EXTRACTED ENTRIES —
--- START ---

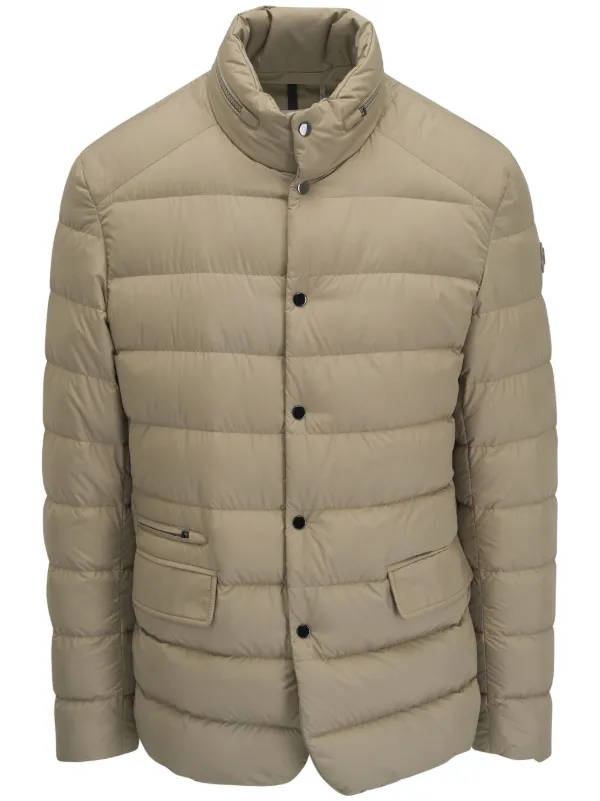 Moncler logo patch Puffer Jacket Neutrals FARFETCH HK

--- END ---
--- START ---

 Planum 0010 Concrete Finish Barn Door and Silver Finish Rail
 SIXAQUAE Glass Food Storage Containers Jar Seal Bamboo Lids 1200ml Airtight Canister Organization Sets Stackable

--- END ---
--- START ---

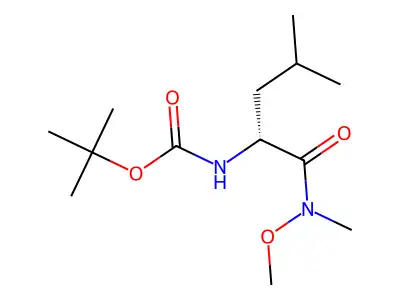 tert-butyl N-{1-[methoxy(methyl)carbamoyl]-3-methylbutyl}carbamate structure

--- END ---

GOAL OF THE EXERCISE — Each line in the entries above, starting at the line with "Planum 0010 Concrete" and ending at the line with "SIXAQUAE Glass Food", is to be printed exactly, and only those lines.

SOLUTION FOR THIS PROBLEM —
 Planum 0010 Concrete Finish Barn Door and Silver Finish Rail
 SIXAQUAE Glass Food Storage Containers Jar Seal Bamboo Lids 1200ml Airtight Canister Organization Sets Stackable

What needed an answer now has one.